NEW FACES

Nuha Jes Izman on the Whirlwind of Joining Yellowjackets

In season two of the hit show, Izman plays Crystal, a mysterious theater nerd who gloms onto the mischievous Misty.

by Esther Zuckerman

Nuha Jes Izman
Stephanie Diani

Nuha Jes Izman was excited to sit in the makeup chair for her first day on the Yellowjackets set. After all, this was the recent drama school grad's first big television role. "I was like, oh my God, this is Hollywood, this is glamorous," she says during a recent Zoom call, her voice emphasizing the fantasy of it all. Then the makeup team started putting dirt on her face. "I'm like, 'still kind of cute, we can get away with that,'" she remembers. Then they added redness to her face to simulate frostbite. Then they put a treatment on her lips to make them look cracked. It's not exactly red carpet material.

But it's par for the course with Yellowjackets, the Showtime hit about a soccer team stranded in the frigid and dangerous wilderness after a 1996 plane crash and their contemporary counterparts. Izman, 21, plays a new character named Crystal, a member of the JV Yellowjackets squad who audiences just didn't happen to meet during the first season. When we do encounter her in the season two premiere it's hard to know what to make of this little weirdo. She's a musical theater nerd who uses singing as a method to help herself go to the bathroom, and she sidles up to the delightfully freaky Misty (Samantha Hanratty), who has been made an outcast by the rest of the group after drugging them all.

Stephanie Diani

Getting the gig was a whirlwind experience for Izman, who grew up in Malaysia and was attending the Stella Adler Studio of Acting when the trailer for the first season dropped. "I so clearly remember thinking, 'goddammit, I wish they were making this three years from now so that I would have a shot at being on it," she says. One audition tape later, and she was headed to Vancouver to get her wish.

Truly, it happened that suddenly. Izman was cast after submitting just a single video of herself reading a fake scene that had also been deployed for Misty auditions in season one. She didn't hear anything back for weeks. "I was on my sister's couch, I had like $12 in my bank account, and then I got the call," she says. She had to fly the very next day to report to set, which meant relying on her impulses to figure out just who Crystal was. She didn't even have time to hone her singing and dancing skills, which are put to use in one of her early scenes where she sings "The Glory of Love"—the version from the period appropriate movie Beaches, of course. "The director emailed me and she was like, 'by the way are you trained in tap dancing and singing,'" Izman recalls. "I was like, 'No ma'am, I am not but I will do it.'"

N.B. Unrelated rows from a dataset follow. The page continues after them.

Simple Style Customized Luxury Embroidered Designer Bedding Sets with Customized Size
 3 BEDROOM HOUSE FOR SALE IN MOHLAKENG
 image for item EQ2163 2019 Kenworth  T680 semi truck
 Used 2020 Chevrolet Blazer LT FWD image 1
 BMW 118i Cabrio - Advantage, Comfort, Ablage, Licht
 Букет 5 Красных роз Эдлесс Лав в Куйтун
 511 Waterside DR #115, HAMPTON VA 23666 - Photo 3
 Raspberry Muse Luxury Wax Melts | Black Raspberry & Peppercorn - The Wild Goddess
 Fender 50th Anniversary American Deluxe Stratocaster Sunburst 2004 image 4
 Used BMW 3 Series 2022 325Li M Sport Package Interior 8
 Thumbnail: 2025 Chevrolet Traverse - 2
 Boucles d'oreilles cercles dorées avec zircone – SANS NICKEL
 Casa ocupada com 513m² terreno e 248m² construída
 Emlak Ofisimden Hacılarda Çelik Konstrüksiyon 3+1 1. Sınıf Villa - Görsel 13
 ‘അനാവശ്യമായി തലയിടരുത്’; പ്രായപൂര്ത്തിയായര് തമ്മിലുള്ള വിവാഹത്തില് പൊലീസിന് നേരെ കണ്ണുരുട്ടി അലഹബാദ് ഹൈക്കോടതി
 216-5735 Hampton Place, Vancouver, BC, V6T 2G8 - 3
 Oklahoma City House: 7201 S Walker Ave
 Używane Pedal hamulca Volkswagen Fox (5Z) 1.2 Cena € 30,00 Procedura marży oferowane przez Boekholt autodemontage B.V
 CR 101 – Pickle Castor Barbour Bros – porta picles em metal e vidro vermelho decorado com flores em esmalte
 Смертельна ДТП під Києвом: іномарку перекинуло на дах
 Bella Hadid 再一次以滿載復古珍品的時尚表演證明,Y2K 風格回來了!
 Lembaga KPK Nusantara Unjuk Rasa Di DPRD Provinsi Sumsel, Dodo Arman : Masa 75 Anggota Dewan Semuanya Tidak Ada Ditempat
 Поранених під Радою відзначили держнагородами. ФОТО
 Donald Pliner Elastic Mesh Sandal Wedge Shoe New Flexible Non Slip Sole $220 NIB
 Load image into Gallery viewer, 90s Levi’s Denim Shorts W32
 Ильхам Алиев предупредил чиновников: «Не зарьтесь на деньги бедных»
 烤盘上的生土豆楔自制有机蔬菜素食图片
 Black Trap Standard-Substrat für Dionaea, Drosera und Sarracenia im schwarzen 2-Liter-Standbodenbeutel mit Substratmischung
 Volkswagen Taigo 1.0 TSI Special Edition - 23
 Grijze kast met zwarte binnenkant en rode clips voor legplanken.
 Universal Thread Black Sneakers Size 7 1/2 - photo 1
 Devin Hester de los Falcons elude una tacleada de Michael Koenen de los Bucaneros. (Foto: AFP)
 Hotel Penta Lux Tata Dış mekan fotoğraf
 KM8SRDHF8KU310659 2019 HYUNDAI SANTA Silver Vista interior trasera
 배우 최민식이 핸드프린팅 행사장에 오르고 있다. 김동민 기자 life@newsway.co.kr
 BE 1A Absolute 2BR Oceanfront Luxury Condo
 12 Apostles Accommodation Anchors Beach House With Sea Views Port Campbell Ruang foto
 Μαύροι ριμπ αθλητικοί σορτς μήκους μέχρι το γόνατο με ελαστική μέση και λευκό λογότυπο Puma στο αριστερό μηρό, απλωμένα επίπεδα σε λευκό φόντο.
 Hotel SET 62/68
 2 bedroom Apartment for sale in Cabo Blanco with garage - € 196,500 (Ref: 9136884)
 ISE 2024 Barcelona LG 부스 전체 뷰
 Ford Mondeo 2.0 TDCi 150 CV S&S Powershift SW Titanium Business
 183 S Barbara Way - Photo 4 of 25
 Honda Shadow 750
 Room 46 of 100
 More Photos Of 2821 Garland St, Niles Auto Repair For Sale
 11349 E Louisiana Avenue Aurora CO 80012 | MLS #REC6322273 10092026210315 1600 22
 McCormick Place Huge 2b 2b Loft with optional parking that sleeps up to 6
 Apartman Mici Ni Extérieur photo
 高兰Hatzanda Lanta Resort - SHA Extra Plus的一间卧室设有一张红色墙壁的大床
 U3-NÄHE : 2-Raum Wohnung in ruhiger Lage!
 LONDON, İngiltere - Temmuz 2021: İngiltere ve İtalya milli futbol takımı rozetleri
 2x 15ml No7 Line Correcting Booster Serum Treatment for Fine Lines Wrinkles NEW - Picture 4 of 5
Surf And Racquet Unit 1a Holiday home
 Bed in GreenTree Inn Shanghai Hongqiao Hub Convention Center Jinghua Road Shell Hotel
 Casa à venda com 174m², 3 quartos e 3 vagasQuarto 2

That kind of self sufficiency seems to come naturally to Izman. Raised in Kuala Lumpur, she started performing at a young age with her father's organization called the Tree Theatre Group, putting on plays to raise awareness about environmental issues. Since the age of 6, however, she knew she was destined for New York. So she saved up money and auditioned for drama schools in secret, doing callbacks at 3AM in her bedroom. She thought her parents would be a little more wary of her plans, but because she was armed with a PowerPoint presentation and explained how she would apply to scholarships to pay, they put their trust in her.

Getting to the city to start school was a little like getting on the Yellowjackets set. "You're like, 'wow, I've dreamt about this my whole life, can I actually do it?'" she says. "I just had to tell myself, whatever it is, you're here right now, try it out and have fun."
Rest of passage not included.